Utilisée depuis plus de dix ans dans les formations, séminaires ou le marketing, la méthode du « serious game » prend de plus en plus de poids dans le recrutement. Elle consiste pour une entreprise à créer un événement ludique lui permettant de recruter les meilleurs, en s’appuyant par exemple sur un escape game. Cette mise en situation des candidats par le jeu permet de les confronter et d’évaluer leurs compétences et leur raisonnement. « On transforme en jeu le processus de recrutement de manière à créer une expérience plus positive et moins stressante pour les candidats, détaille Anne Brochard. Un moyen de remettre de l’équilibre dans la relation candidat-entreprise et d’approcher un maximum de profils pour les recruteurs. À L’Étincelle RH, on utilise cette méthode pour recruter des sourceurs à travers le sourcing game. »

Plus objective de 25 % que le recrutement traditionnel selon la Harvard Business Review, l’intelligence artificielle (IA) a également le vent en poupe. Elle permet de faire matcher automatiquement et donc très rapidement les profils compatibles avec un poste à pourvoir. Contrairement aux autres outils, l’algorithme est capable d’analyser le vocabulaire et les formulations du CV d’un candidat. De quoi donner des informations sur son caractère et son expérience. « L’intelligence artificielle doit permettre de faire un pré-tri entre candidats, mais ne doit en aucun cas remplacer l’entretien, poursuit la fondatrice de L’Étincelle RH. Et c’est une méthode qui présente deux inconvénients majeurs : elle écarte tous les profils atypiques et a tendance à aller vers la normalisation de profils, qui va épuiser la capacité d’innovation de l’entreprise. »

LA MEILLEURE ALTERNATIVE : CROISER LES MÉTHODES

La réalité virtuelle révolutionne elle aussi le monde du recrutement en permettant aux candidats de découvrir une entreprise et un métier sans y être présent physiquement.

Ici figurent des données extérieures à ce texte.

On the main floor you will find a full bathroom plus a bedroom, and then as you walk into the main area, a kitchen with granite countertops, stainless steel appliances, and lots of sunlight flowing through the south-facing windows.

C’est donc un moyen de lever les freins sur certains métiers méconnus et de confronter le candidat à la réalité d’un poste.

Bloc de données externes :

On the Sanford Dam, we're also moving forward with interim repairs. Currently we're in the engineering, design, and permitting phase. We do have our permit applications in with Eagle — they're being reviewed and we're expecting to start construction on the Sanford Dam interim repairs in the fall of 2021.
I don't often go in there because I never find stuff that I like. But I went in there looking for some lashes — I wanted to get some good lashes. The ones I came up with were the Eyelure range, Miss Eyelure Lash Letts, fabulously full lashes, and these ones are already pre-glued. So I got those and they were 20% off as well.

Enfin, dernière tendance constatée depuis l’arrivée des contraintes sanitaires : l’entretien vidéo en différé s’est largement démocratisé. Le candidat reçoit une liste de questions en vidéo, auxquelles il doit répondre dans un temps imparti. En plus du gain de temps, cette méthode permet d’observer le langage corporel du candidat, sans le stress d’un entretien classique.

Ces nouvelles méthodes de recrutement, en particulier celles visant à renforcer la marque employeur, ont en revanche un effet pervers : en agissant ainsi, les entreprises peuvent renforcer le consumérisme des salariés, qui n’hésitent désormais plus à aller voir ailleurs lorsque leur entreprise ne répond plus à leurs attentes. D’où l’importance pour les entreprises de faire preuve d’authenticité et de transparence lors des recrutements. « La meilleure alternative, c’est de croiser les méthodes avec un entretien, mais aussi des outils complémentaires comme de la mise en situation des candidats », conclut Anne Brochard.